# Hope is slowly fading & left feeling blue



## bambibaby12 (Oct 29, 2012)

Not really sure what responses I'm expecting if anything at all... Guess I am just wanting to write how I'm feeling and hope that it makes me feel better...

Just can't shake my feelings of utter sadness at the moment. Have zero people to speak to now as I feel so so embarrassed and just don't want to be "the infertile moaning one"

I am just about holding it together in front of my pregnant friends/family and able to ask interested questions and act all gooey and happy but not quite sure how much longer this will last as the moment I'm alone I start crying.

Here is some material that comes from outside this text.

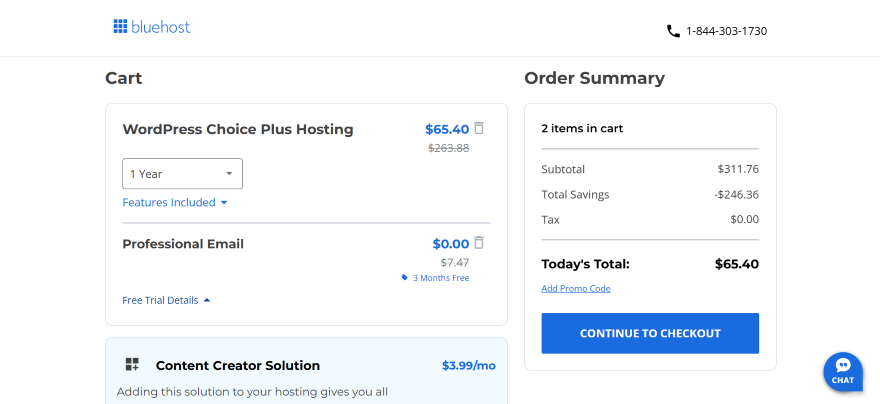 Screenshot of a check out cart on Bluehost for WordPress Choice Plus Hosting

I feel like a phoney on here and don't have a clue where I belong anymore. I haven't been through half of what the ladies on here have been through & what right have I to be sad, I haven't had to suffer a loss as I haven't ever been pregnant. I feel like this sums up my life, don't belong with anybody in real life nor even in this virtual world. 

I am struggling with work at the moment as I almost feel like in the grand scheme of things, work is so insignificant, a problem at work just seems completely pathetic compared to the battles of infertility. I've lost my motivation and just can't be bothered which makes my job ten times harder.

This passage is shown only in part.